■ **The problem**: Copy every record verbatim but exclude the pictures.

■ **Task material**:
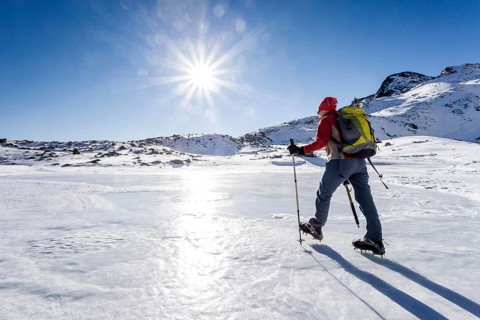 Hiker at the Steinwandsee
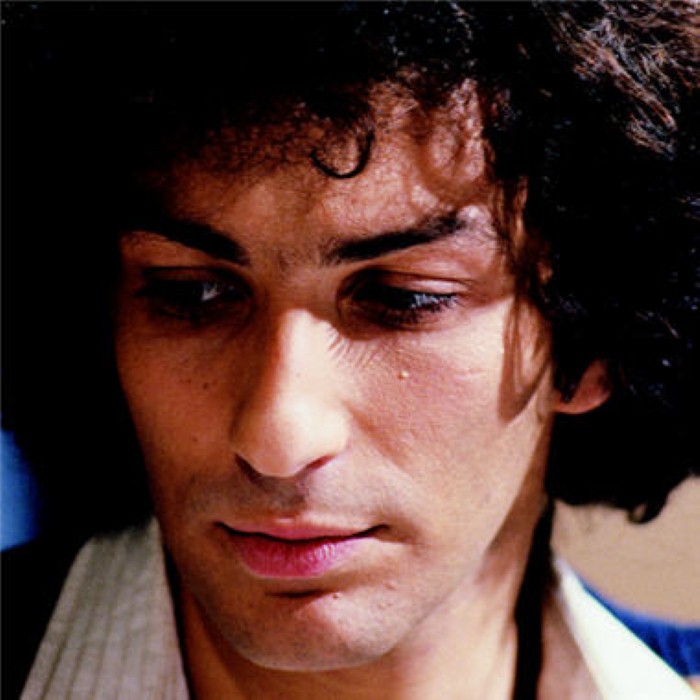 Michel Berger - Celui qui chante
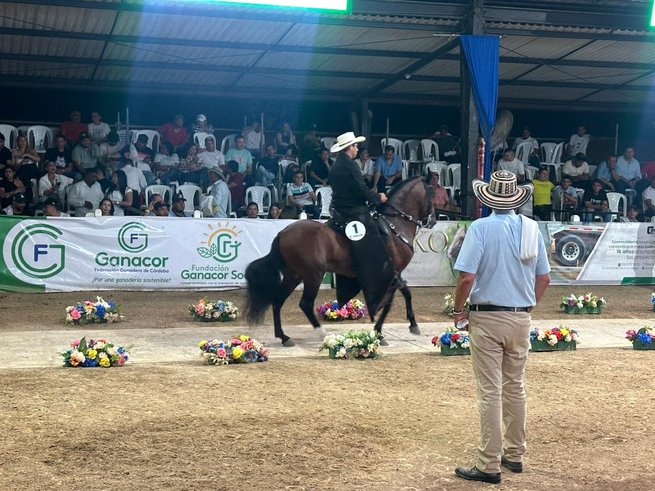 Emociones en Feria Equina de Los Potrillos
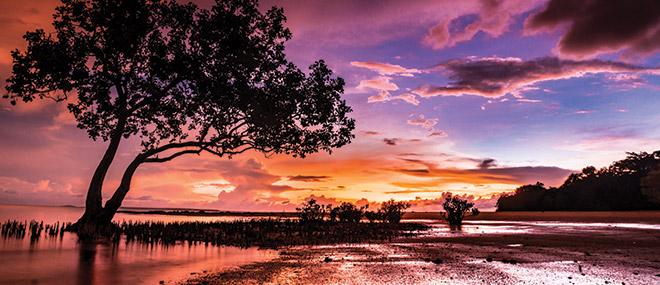Darwin scenery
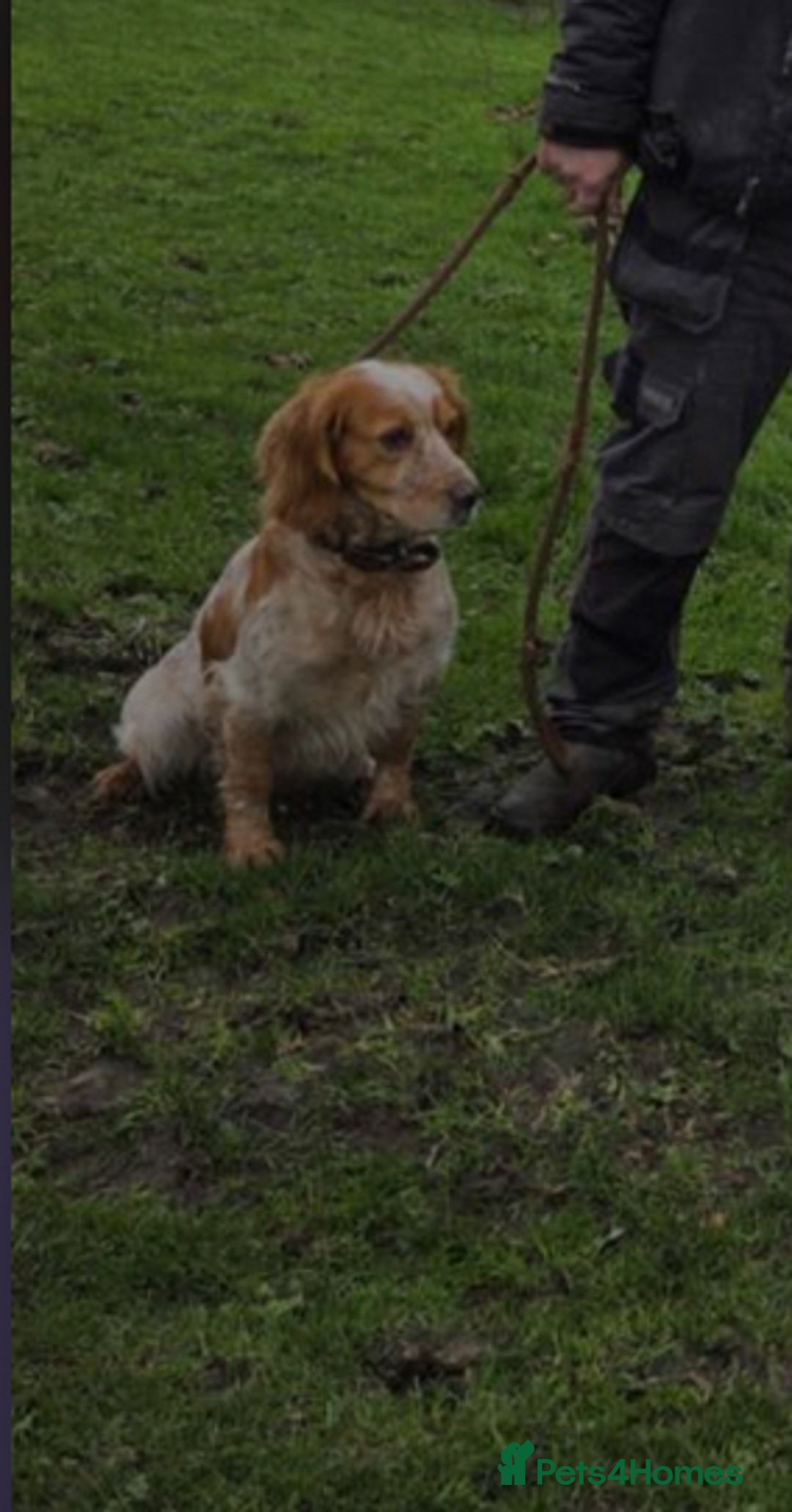 Cocker Spaniel dogs for stud: For stud - Advert 1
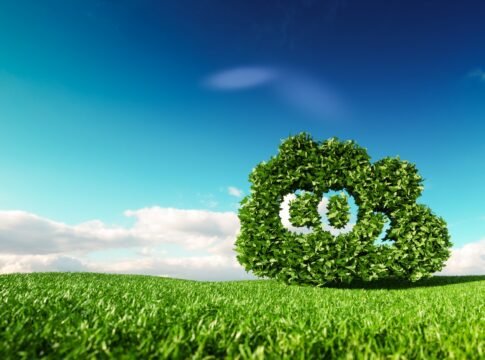 Un futuro neutro en carbono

■ **Reply to the exercise**:
 Hiker at the Steinwandsee
 Michel Berger - Celui qui chante
 Emociones en Feria Equina de Los Potrillos
Darwin scenery
 Cocker Spaniel dogs for stud: For stud - Advert 1
 Un futuro neutro en carbono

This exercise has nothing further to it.